I take time to switch lenses; he admires the northwest view. I know with another busy season in the bag, he’s thinking about life at a different speed. He could be simply thinking about the blue line of the ocean meeting the sky, but that’s on the esoteric side for him. I haven’t seen him check his phone to see how his fantasy team is doing, so it’s a distinct possibility that he’s wondering about that while he’s staring off into the wild blue yonder.
The drinking fountain nearby is a welcome sight and I gulp. Minutes later, he asks if I got some water. He’s like that.

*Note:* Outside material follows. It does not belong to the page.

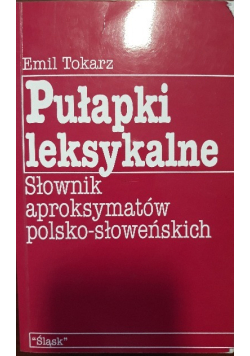 Pułapki leksykalne, słownik aproksymatów polsko - słoweńskich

We take the trail down the hill toward the water. Others are wearing shorts and tanks. They’re hatless. Most are younger, but not all. A few are dressed as if they were on a weekend stroll, wedged strappy sandals crunching against the gravel, dangling earrings flashing in the sunlight. I can’t help the story my brain begins to weave about who they are and why they’re here. I trudge down the hill taking note of the trail marker which sports an illustration of a snake.
We stop when we feel the breeze pick up, gazing at the ocean. We talk of whatever comes to mind. He talks of work. I listen. We continue along.
“The drag about this hike is it’s uphill all the way back,” I say.
“I know.” He has to be waiting for me to throw in the towel, but we continue. He gave me an out earlier because of the heat and I knew that meant even he thought it was hot.
I’m ready to take my over shirt off by now and tie it around my waist but I don’t. I let it flap about me as we walk. I fuss with the camera strap over my shoulder.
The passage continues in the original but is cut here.